I have this problem (from Montgomery's Applied Probability and Statistics, 5th Edition, problem 2-145, if anyone wants to see the original problem) but it's long, so for the sake of brevity I'll give a smaller version of the problem--if I can see how to solve the smaller version I'm sure I could figure out the bigger one.

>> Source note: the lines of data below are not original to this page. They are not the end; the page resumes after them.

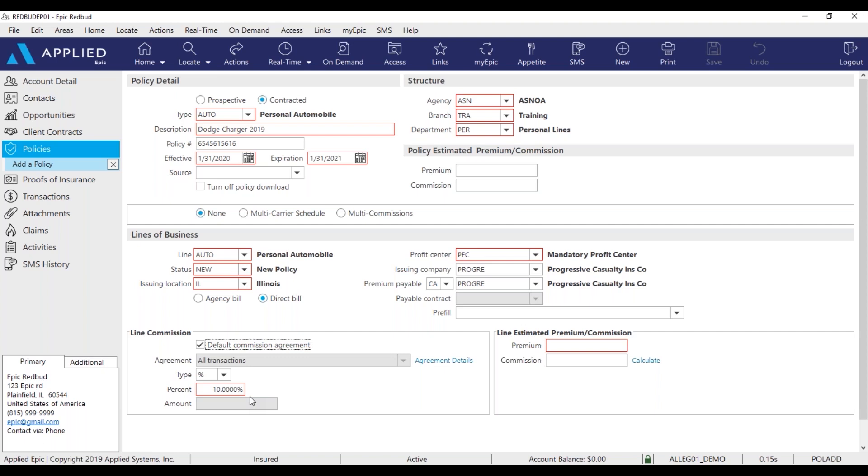If you check that box and nothing displays in the percentage field, you may need to double check and make sure you selected the right issuing company and the right policy line type.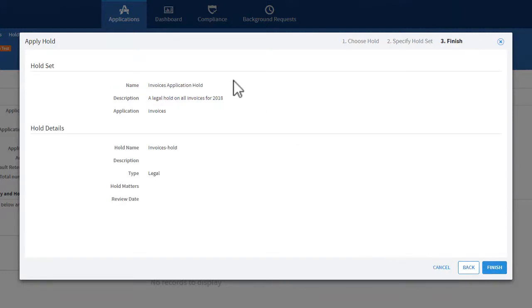Review the information you have entered. When you are satisfied that the information is correct, click Finish.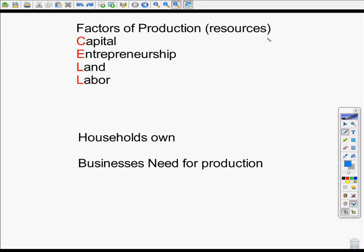Welcome back to Mr. Latham's AP Macroeconomics. Today we're going to talk about another part of basic economics: factors of production, resources, and we're also going to talk about the circular flow model. The factors of production, or resources, are literally the things businesses need in order to produce.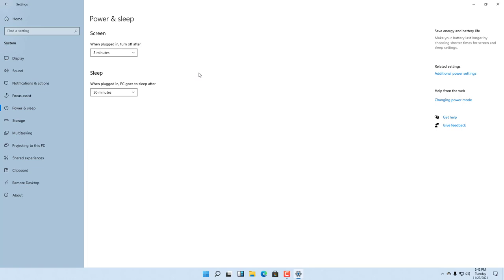You can choose the Power and Sleep options to save power while using your computer. That is how you set up your screen and sleep settings from within Windows 11 Settings. I hope you learned something — please like, comment, share, and subscribe.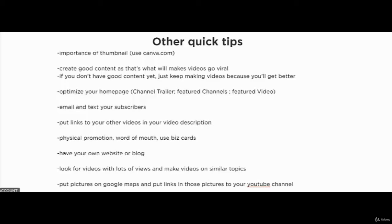You can also look for videos that have a lot of views and make videos on similar topics. Lastly, if you are in the travel niche or even the food niche, you could put pictures on Google Maps at different locations and put links in those pictures to your YouTube channel.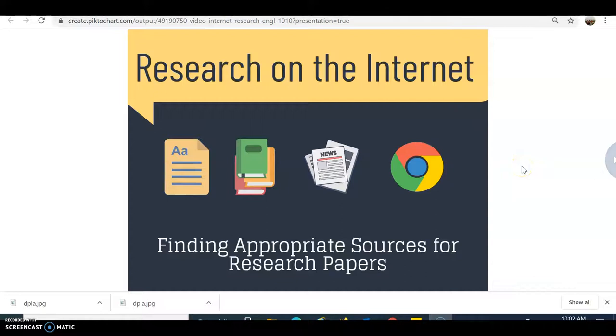Hello, this is Sabrina Moreland from the Walter State Library, and today I have a video that will explain how to find appropriate sources for your research papers on the internet.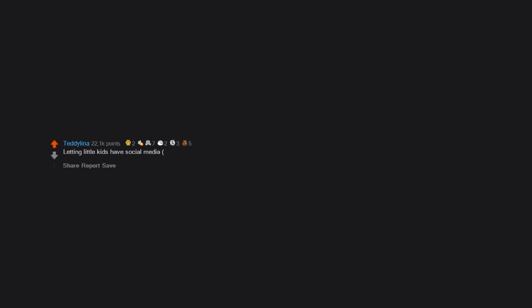Letting little kids have social media unsupervised. They are not equipped to handle any of it. So many conflicts spawn out of it.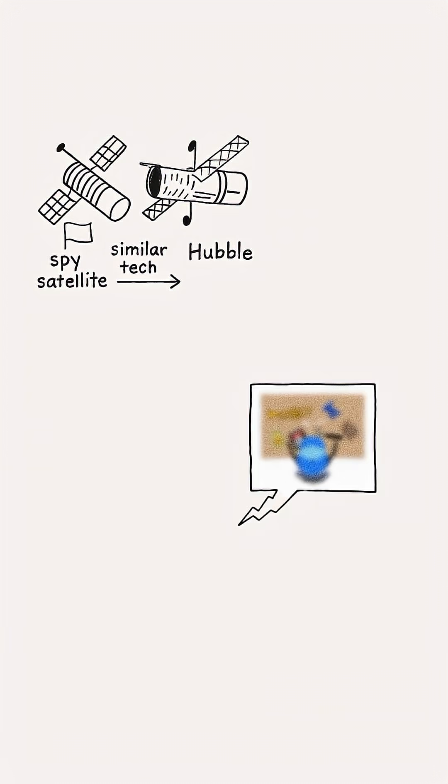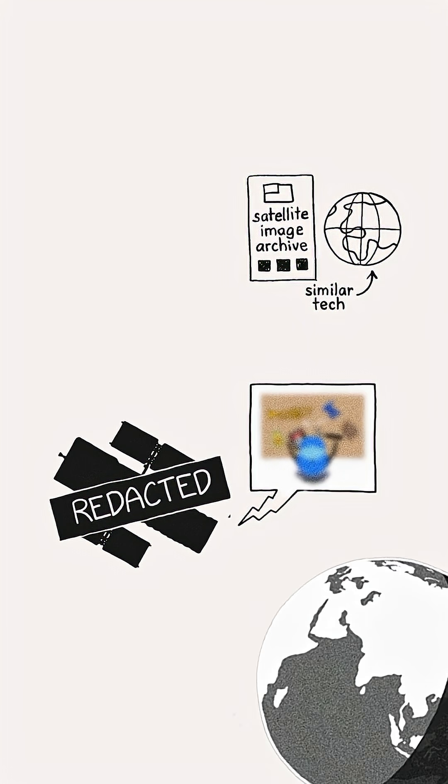But this isn't just a hypothetical situation. Much of the technology in military spy satellites is believed to be similar to that of Hubble. So in a sense, pointing a Hubble-type telescope at the Earth's surface is not only possible, it's what the US government actually does.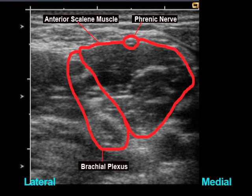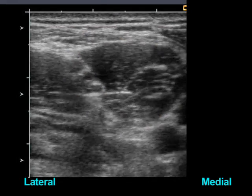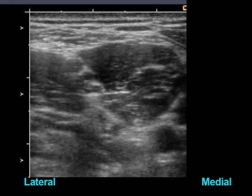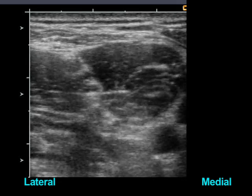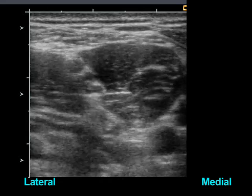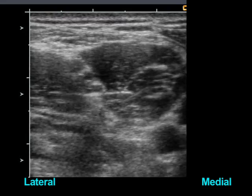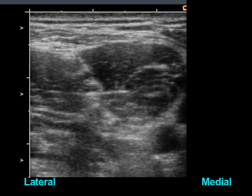The phrenic nerve is a small monofascicular nerve that crosses over the surface of the anterior scalene muscle. As the transducer slides toward the chest, the phrenic nerve is seen to diverge medially from the brachial plexus. Because the pre-vertebral fascia covers the brachial plexus and phrenic nerve, local anesthetic injections often distribute to both.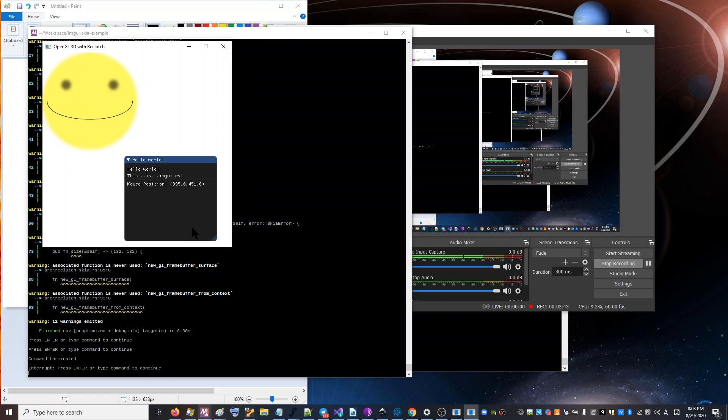First of all, it uses the GPU, which almost every computer has one today. And it's much faster to do that.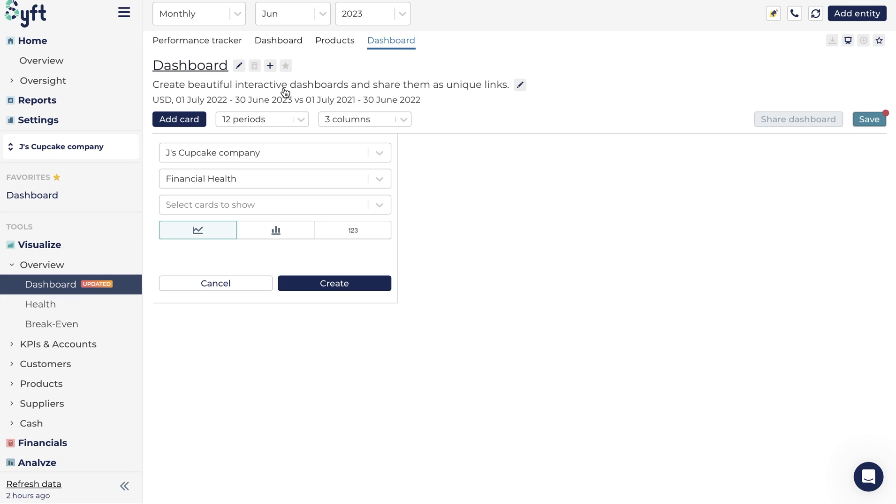You can edit the name by clicking on the pencil icon. Delete the dashboard if you are not happy with what you created or if it is no longer relevant to your requirements.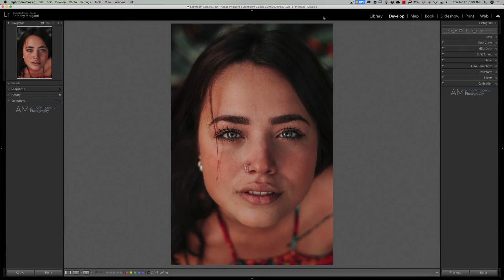Hey guys, this is Anthony Morganti from mrphotographer.com. In this video I'm going to teach you how to soften skin with usually a single click of your mouse using Lightroom Classic. I've actually done this video in the past but it was a while ago, and I want to do this updated video using the latest version of Lightroom Classic. We're going to be doing this technique on a number of different models in different images. In every single case the model's skin really is fine and doesn't really need any skin softening — I'm just using these images for demonstration purposes.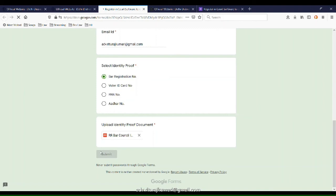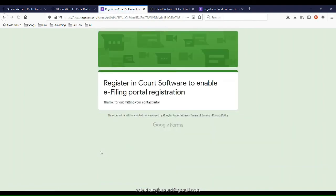Click submit and wait for 2-3 days for the registration to be completed.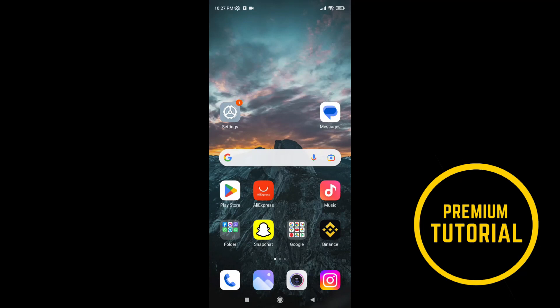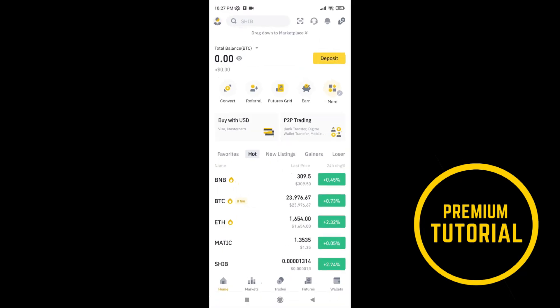First go on Binance. After that we come to this page and we need to tap on this little icon.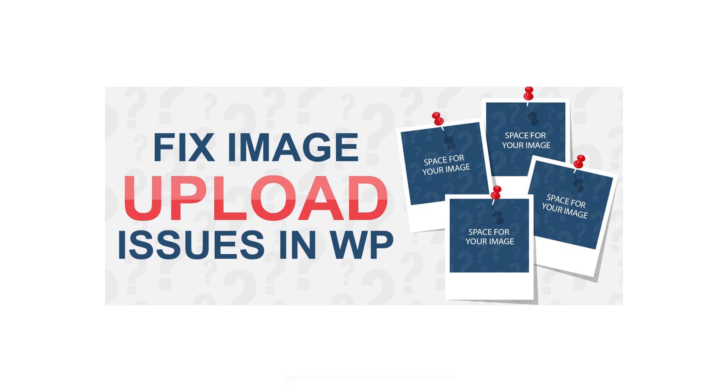WordPress image upload errors can begin unexpectedly, or in some cases, after you make changes to your site. Either way, it takes some effort to find out why WordPress cannot upload images or videos and to resolve it.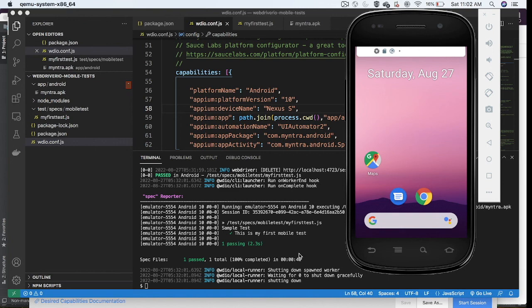This confirms that our configuration is working correctly and we are ready to proceed with actual automation. This is how we set up a WebdriverIO project with Appium to automate mobile tests. In the next session we'll learn more about dealing with different web elements and other aspects of mobile testing. Thank you, see you in the next video.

Problem: Suppose a test claims 99% accuracy of detecting $A$ and 98% accuracy of detecting $B$, and 97% accuracy of detecting $C$. A collection of samples is formed, such that 40% of the samples contain $A$, 30% contain $B$, and 20% contain $C$. "The process signals if all categories $A$ through $C$ are present." Find the probability that the process signals, and then find the probability that $A$ is present given the process signaled.
Now that sounds like it must be a sloppy way of expressing the problem, because if the process signals then every category is present and therefore, conditional on the process signaling, $A$ is present with 100% probability. I'm guessing, instead, what should go in the place of the quoted sentence is "The process signals if all categories are detected by the test."
In that case it seems to me that we would find the probability that the test is positive for $A$, which is $P(A+) = P(A+|A)P(A)+P(A+|A')P(A')$, right? I think the accuracy statement tells me $P(A+|A)=0.99$, but how would I get $P(A+|A')$? Or am I just interpreting the whole question the wrong way?